9 thoughts on “Are you building a BI house of cards?

  1. Fabian O.

    This is one to be *red and bookmarked for future reference. I have had this same conversations several times. SSAS cubes or Tabular models as source for other cubes. There is a special place …. for people who play a part in the creation of such monstrosities.

    Liked by 1 person

    1. Jeff Weir

      Fabian: Love the comment. Reminds me of the Excel world, where I see PivotTables as a source for PivotTables. Unfortunately the users of solutions like these are more likely to end up in that ‘special place’ than the architects.

      Like

  2. Hi Matthew, Excellent blog. I just downloaded the June ver of PowerBI on my Win desktop, where I have XAMPP running with MariaDB. My Maria install was performed by the book, and it runs flawlessly. I installed the msql-connect-net-6.6.5.msi connector, and logged in from PowerBI to Maria using my normal credentials. The login was successful.

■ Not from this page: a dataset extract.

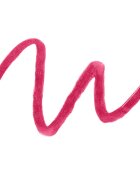 LAMEL Gummy Glow Lip Marker repara buzele pentru un efect de lunga durata culoare 02 1.6 ml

Unfortunately, I then encountered this error

    and am reluctant to run mysql_upgrade, for fear of hosing my dev server (I have heard the horror stories). too bad: i have to try to use csv files, instead of a direct connection in order to check out PowerBI! I was hoping to experienced something more advanced in terms of live mapping to sql tables and views. for e.g. Still, great blog. You should have an army of followers!

    Like

  3. Thanks for the reply. I will investigate the issue with some thoroughness, and publish the fix on my blog. In the meantime, will use upload CSV test files (which I reckon is what is meant by “Data Flows)” and study your tutorials on Power Bi. I am particularly interested in how BI might reconcile the data semantics of heterogeneous schemas, without first requiring that all flows be fed into some a priori unified reference model.

    Like

  4. I used mysql upgrade to fix maria on xampp and BI connected to it fine after that. I will check out your dataflow tutorials in the next month, as I build my WP plugin app on the server using php/js/html/css/json. My app exports reports and CSV data files, and I am hoping that BI can offer a pretty face and further analytical functionality to my end users. From what I can tell, BI stores large data sets in the Azure cloud that it then manipulate on the desktop via BI. There is mapping required to the MS common data model or (apparently) a custom data model (my preference; I already have one and it is well suited to the problem domain). Not sure how much MS would charge Woocommerce users who might wish to store analytical data on the cloud and do interesting analysis. I could write all the needed templates for this, but if MS charges an arm and a leg, then my projected customer base (thrifty SMB merchants who run ecommerce stores via the Woocommerce platform) would most likely not use it. Plus it has to be super easy for them in term of ETL or BI would be relegated in their minds to being more of a corporate thing with dedicated data wranglers doing the heavy lifting. Either way, I will see if the BI analytics go beyond eye candy (colorful charts etc) and are actually sophisticated from a data quant perspective. I watched some of the canned presentations on YouTube by MS earlier this year re the new release of BI, and the younger MS presenters struck me as somewhat technically naive when it comes to understanding the complex challenges of large scale DSS data modeling using heterogeneous data sources. My hope is that BI is more than just Excel on steroids. with Azure replacing Access on the back end.

    Like

  5. Kevin

    I didn’t understand what you were saying until I read the article and saw the diagrams. That last diagram makes me start to twitch… and I’m probably going to have nightmares tonight.